8. If then we consider that from our location at point M only we are looking into a haze, with the roadbed not seen, may it be possible that by the dotted line S-M the light at the boundary line (point Z) was forced into a deflection whereby to us it is no longer a straight line?

9. In that case we are essentially looking at a boundary layer, and equally so if the light struck point V, in the normal from point Y. Yet the latter makes no sense since that would be the same as X to S, and so forth.

10. The fact thus remains how the surface of the road can only be seen when we receive those wavelets that come from or through the interior of the atoms of the road itself.

11. And we might add how these must be in a straight line.  If in any event the light of the sun, from any angle normal or otherwise rebounds to us from the boundary layer, or from any part within that boundary, never at all having made contact upon the surface of the road, then we behold what appears as a haze.

12. It shall not be the sky as some have it, but rather we are looking at a diffusion in the air itself, even as other mirages show themselves to be, or a diffused object in the distance for the hot air rising amidst cooler air.

13. The most amazing part of all this is; how the light at such an astronomical speed and rotation reacts so quickly and so efficiently to all the atoms in its path, like as were they a track laid out for the light. And yet we also know that it is the light itself which lays out the track.

1. By Figure 67-9 the atoms from B to C in the warmer section are spaced further apart as compared to those in the cooler section.

2. And for that minute distance, no more than a few inches, this light that in a single second will pass around the whole earth seven times recognizes that minor change in density through which it passes in less than the smallest part of any second in time.

3. Any material substance or object would never even know these few inches for a change in density, yet light does, since it is a coordinate, which of course in itself is immaterial.

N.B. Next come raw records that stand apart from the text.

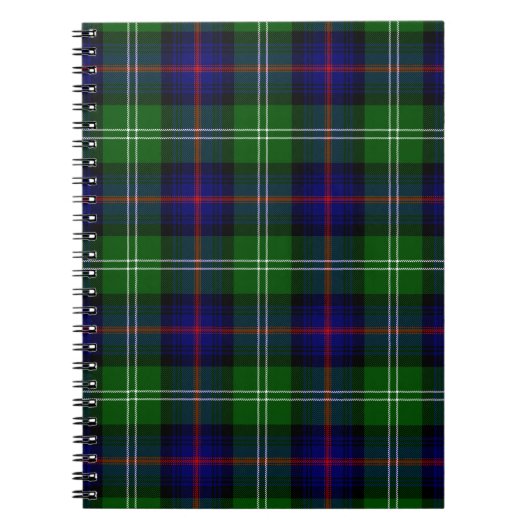 Carnet plaid bleu vert de tartan du sud (Devant)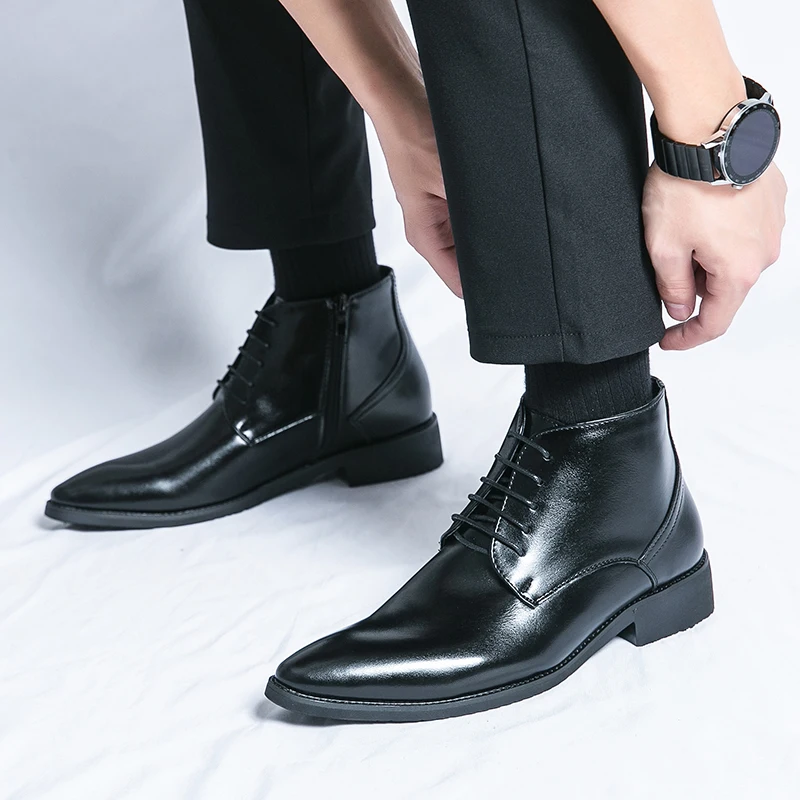 Leather high top Doc Martens men's British biker Gopon leather boots inside heightening pointy hair stylist fashion shoes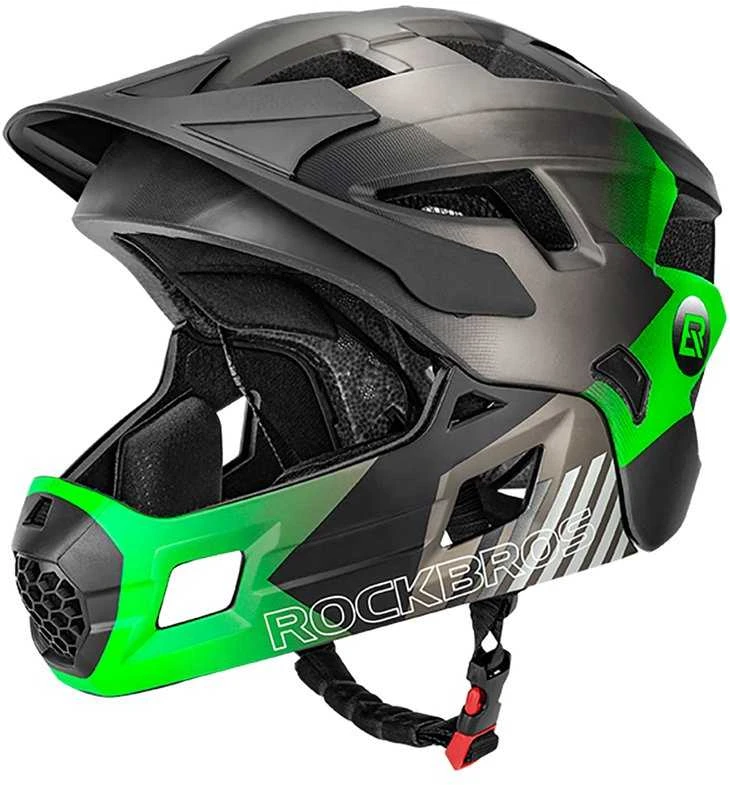 Rockbros TS-61 10110061003 Vaikiškas dviračio šalmas su nuimamu smakru, S dydis (48-52) - Žalias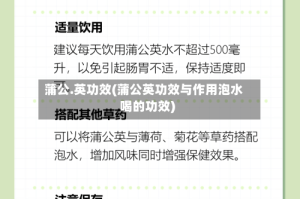 蒲公.英功效(蒲公英功效与作用泡水喝的功效)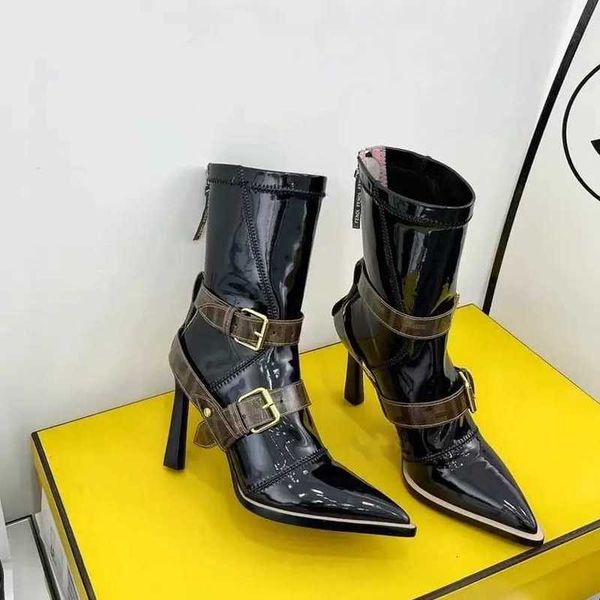 boots stiletto heels ankle patent leather back zip buckle shoes pointed toes booties luxury designers shoe for women factory footwear lwat, Black
boots stiletto heels ankle patent leather back zip buckle shoes pointed toes booties luxury designers shoe for women factory footwear lwat, Black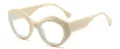 Gafas geométricas blanco crema con montura gruesa y un acabado brillante moderno - Marco Blanco Roto Lentes Luz Anti-azul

4. And yet how this immaterial coordinate is susceptible to all that is material, that for its direction of travel as well as for its angular format depends upon it.

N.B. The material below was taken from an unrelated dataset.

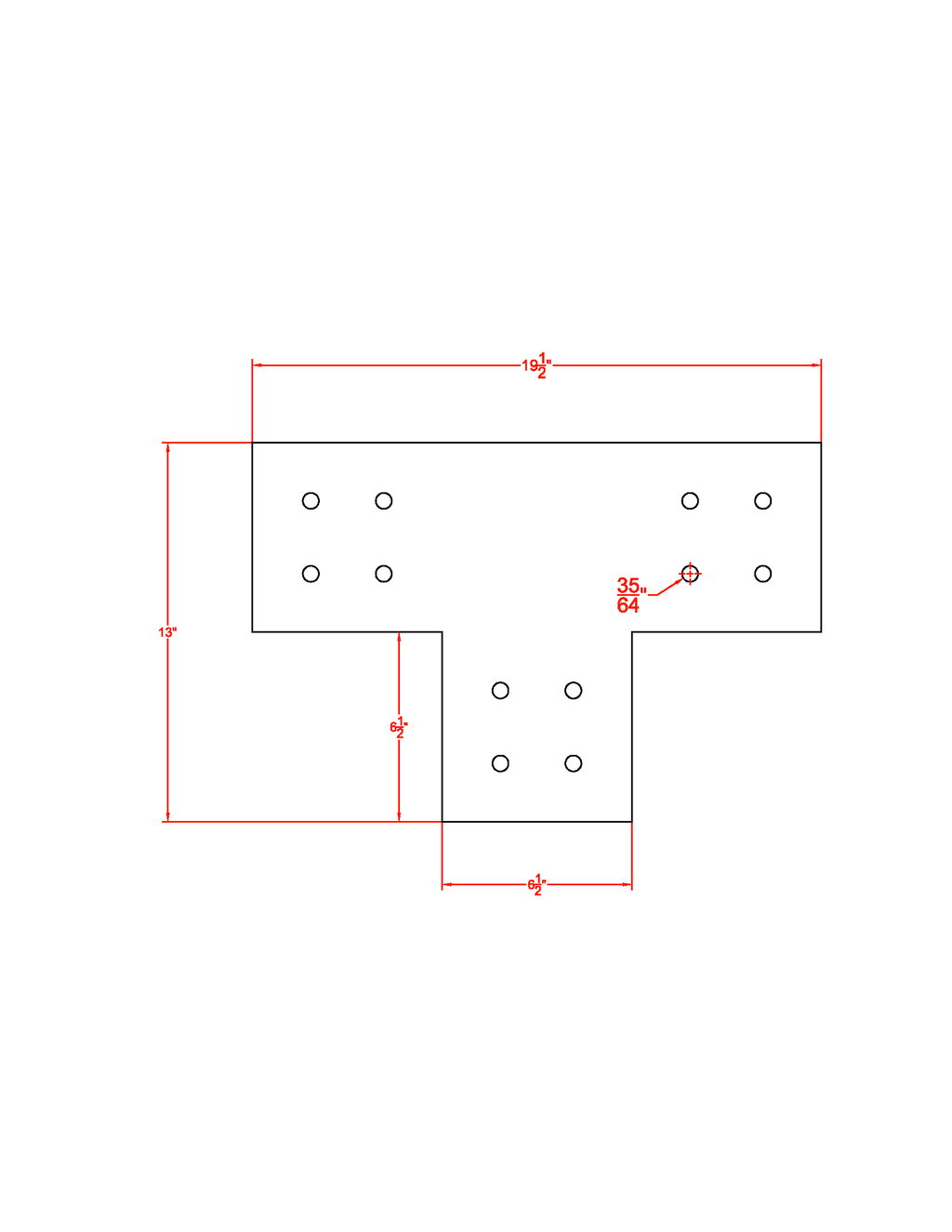 Structural Design T Bracket for 8" Post, 8 Inch T Bracket Bolt Plate, T Support Bracket, Pergola Bracket, 8 inch, Truss Plate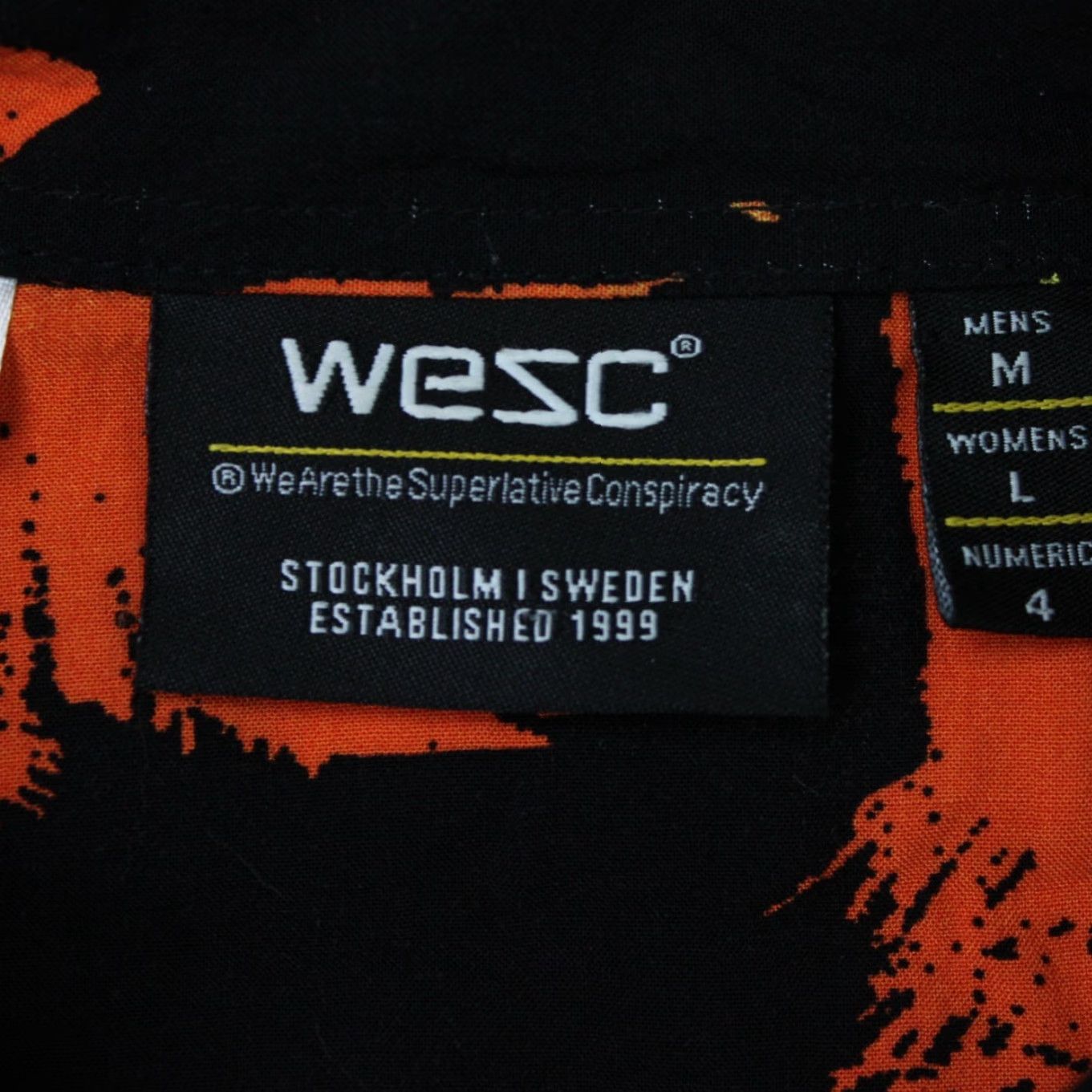 WeSC WESC Hawaiian Shirt Mens M Orange/Yellow S/S Button-Down Floral Casual Shirt Size US M / EU 48-50 / 2 - 7 Thumbnail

5. How very much therefore these two are subject to, and joined to one another, the atoms of all substances and the coordinate that passes upon them.

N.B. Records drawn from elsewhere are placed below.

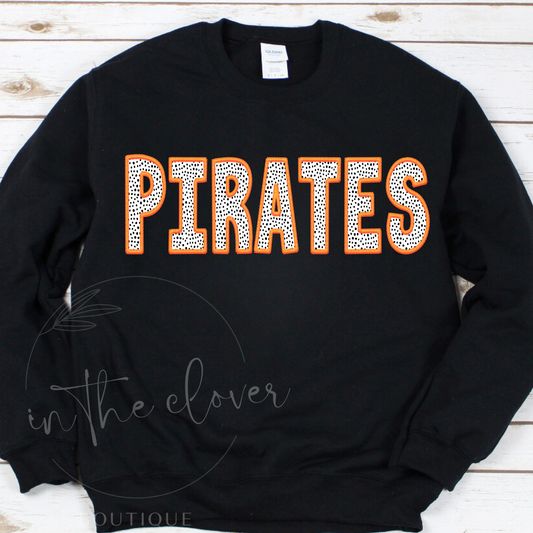 Dotted Pirates Faux Embroidery Black Crewneck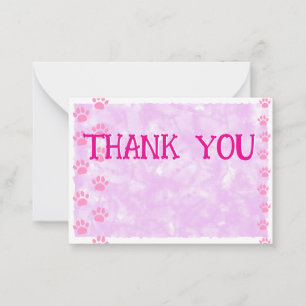 Cute Cat and Dog Pet Paw Prints Pink Watercolor  Note Card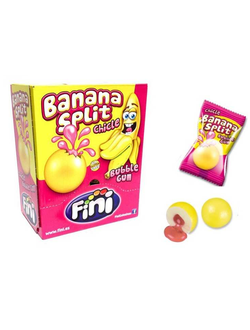 Жев.резинка Fini "Банан" с клубнич. наполнит. 5гр х 200шт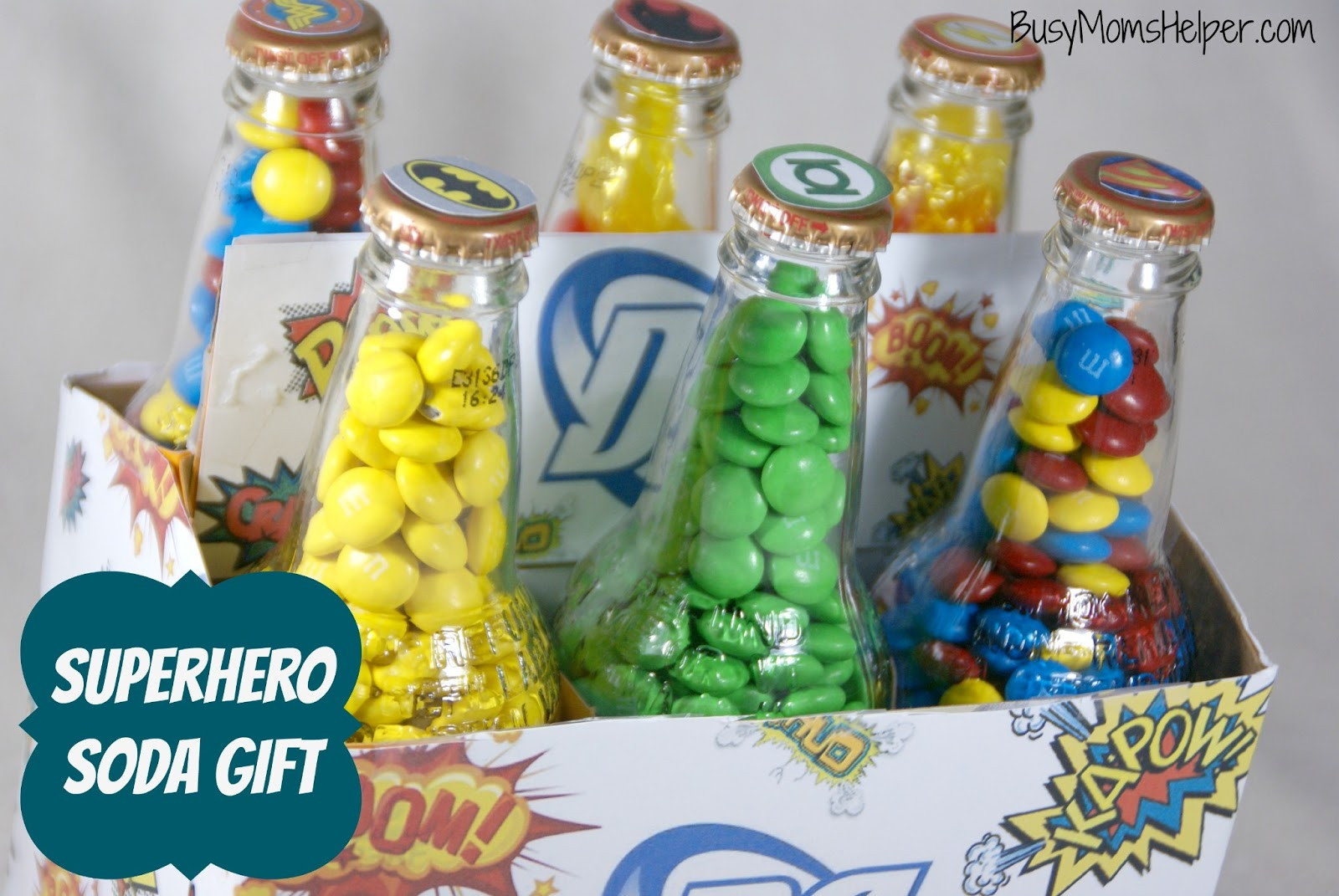Best ideas about Superhero Gift Ideas
. Save or Pin Superhero Soda Gift Busy Mom s Helper Now.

6. The light may act to travel where it will, and track a straight line where it will, and yet is very much dependent on the atoms by which they pass, in their size as well as in their spacing of one another.

7. The deflection then, or refraction if you will, is much simpler since it is in the angular design of the wave by which when they strike a change in density to refract accordingly, like line X in Figure 67-9 poses a normal to the light from B, Whereas line Y-Y is out of the normal.

8. There is therefore a lot more of light that we do not comprehend, than what we do have an understanding of.

9. And so the wisdom and the ability that we behold in the works of the Lord our Creator is far beyond us to even begin to comprehend. And how great and how mighty therefore He must be to have made this whole great universe as we construct a dwelling for ourselves.

10. And yet if it were not for His constant care, and gift to us, we could not even built our own dwellings. For like the saying goes; "If the Lord does not built the house, the workman work in vain."

11. And so for every moment of our life we are fully dependant upon Him.